Are we in another "new" war in Yemen?

In recent days, the Obama administration has exploited the political chaos in Yemen to step up its attacks on the al-Qaeda affiliate in Yemen, known as al-Qaeda in the Arabian Peninsula or AQAP. In what news organizations are somewhat laughably calling a “covert war,” the US has sharply increased air strikes on suspected AQAP assets and personnel, and claim to have killed one important commander:

The United States has resumed airstrikes in Yemen and believes it killed a top al Qaeda insurgent there, a U.S. military official said on Thursday.

Abu Ali al-Harithi, “described as one of the most dangerous al Qaeda commanders in Shabwa province,” has been killed in Yemeni security operations, state-run TV reported on Thursday, citing an official military source. The New York Times reported on Thursday that American jets killed him in an airstrike last Friday.

A U.S. military official with knowledge of the Yemen campaign told CNN that U.S. military-led air operations recently resumed after a pause of some months.

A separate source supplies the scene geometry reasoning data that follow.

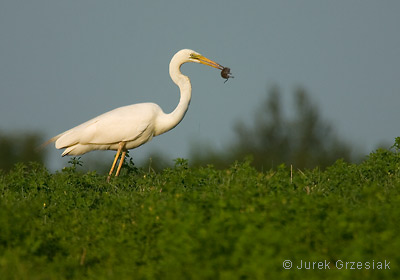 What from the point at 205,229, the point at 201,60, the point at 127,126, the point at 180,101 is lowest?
the point at 205,229

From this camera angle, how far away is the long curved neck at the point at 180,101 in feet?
37.3

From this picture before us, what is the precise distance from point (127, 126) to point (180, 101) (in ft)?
3.46

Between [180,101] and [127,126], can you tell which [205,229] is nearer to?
[127,126]

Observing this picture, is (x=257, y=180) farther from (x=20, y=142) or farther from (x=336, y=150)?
(x=336, y=150)

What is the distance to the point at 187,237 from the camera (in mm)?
5457

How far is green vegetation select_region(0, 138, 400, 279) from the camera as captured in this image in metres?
5.21

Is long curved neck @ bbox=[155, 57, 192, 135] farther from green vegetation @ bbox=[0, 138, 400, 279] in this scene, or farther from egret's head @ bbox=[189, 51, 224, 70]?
green vegetation @ bbox=[0, 138, 400, 279]

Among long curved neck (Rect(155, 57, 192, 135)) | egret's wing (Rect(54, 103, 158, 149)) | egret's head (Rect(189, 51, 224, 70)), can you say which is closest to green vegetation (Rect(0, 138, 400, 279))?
egret's wing (Rect(54, 103, 158, 149))

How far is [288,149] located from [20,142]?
12.3m

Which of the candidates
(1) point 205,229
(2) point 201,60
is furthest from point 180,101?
(1) point 205,229

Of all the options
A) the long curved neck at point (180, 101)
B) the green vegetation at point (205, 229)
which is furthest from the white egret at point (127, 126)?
the green vegetation at point (205, 229)

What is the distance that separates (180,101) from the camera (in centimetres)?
1165

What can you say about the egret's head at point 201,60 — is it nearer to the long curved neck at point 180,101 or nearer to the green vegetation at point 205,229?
the long curved neck at point 180,101

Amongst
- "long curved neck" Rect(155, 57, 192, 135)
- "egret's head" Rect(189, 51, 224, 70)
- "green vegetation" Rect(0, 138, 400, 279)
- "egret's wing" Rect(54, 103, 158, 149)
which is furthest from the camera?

CNN follows up with its analysis of the “covert war” and American “unilateral action”:

As Peter Bergen says, this is hardly a surprise, or even a big deal. We have conducted air strikes on AQAP targets in Yemen in the past, and protecting AQAP isn’t exactly the highest priority for Yemenis. They have “three civil wars simultaneously,” so they have other priorities at the moment. Besides, even under Saleh’s government, the US had some leeway in conducting covert operations against AQAP, which Saleh feared as much as the US does.

But the reporting on the supposedly new “covert war” has some wondering why Barack Obama failed to get Congressional approval for launching a new war, such as my friend Jeff Dunetz:

Under the War Powers Act of 1973, if a President authorizes military action without approval from Congress, they must terminate the action within 60 days unless they get specific approval from Congress, or unless there is a national emergency due to an attack on the U.S. In the case of Libya, the 60-day period has come and gone without any action from Congress, yet, in a direct violation of the law, U.S. military involvement in Libya continues. In fact, it has now been extended for another 90 days.

Based on the account of the actions in Yemen, the President is somewhere in the middle of the 60 days he has for the Yemen action.

There is little dispute that today Yemen is a major source of al Qaeda activity in the world. But it is the President’s job to make a case to the American people before going after those terrorists.

The question American’s have to ask themselves is “Are you comfortable with the President taking it upon himself to wage an undeclared war on a foreign country?” This is not like the action against Bin Laden, that was a “one-shot.” Make no mistake about it, the bombings in Libya and Yemen are acts of war. What is our plan? Are we splitting up our military resources to an extent were they cannot be effective? And why aren’t we being told about our activities in Yemen.

That argument certainly applied to Libya, but we’re not attacking the government of Yemen in this supposedly “new” war. We are conducting a war against AQAP as an arm of al-Qaeda, and a particularly virulent one at that. This network produced the Underwear Bomber attack that fizzled on Christmas Day 2009, as well as the attempt to blow up cargo flights through explosives disguised as printer cartridges last year. We responded militarily after both occasions, much in the same way we are now.

Did Obama need to seek Congressional authorization to do so? No, because Congress already authorized military action against al-Qaeda and its affiliates in the Authorization for Use of Military Force (AUMF) of September 18, 2001:

(a) IN GENERAL- That the President is authorized to use all necessary and appropriate force against those nations, organizations, or persons he determines planned, authorized, committed, or aided the terrorist attacks that occurred on September 11, 2001, or harbored such organizations or persons, in order to prevent any future acts of international terrorism against the United States by such nations, organizations or persons.

That authorization remains in effect to this date. It authorizes the President to conduct military operations against AQ and any nation that harbors the terrorist network and its affiliates. This doesn’t apply to Libya, not unless Obama can make a case that Moammar Gaddafi had some involvement in supporting the 9/11 attack — but it does apply to AQ, AQAP, and any other affiliates of the terrorist network.

Of course, as Doug Mataconis said on Twitter, one can make an argument that the AUMF is far too broad if it allows for such actions without Congressional approval, but that’s an entirely different argument — and I suspect that few people are really unhappy to see us bombing AQ terrorists wherever they may be.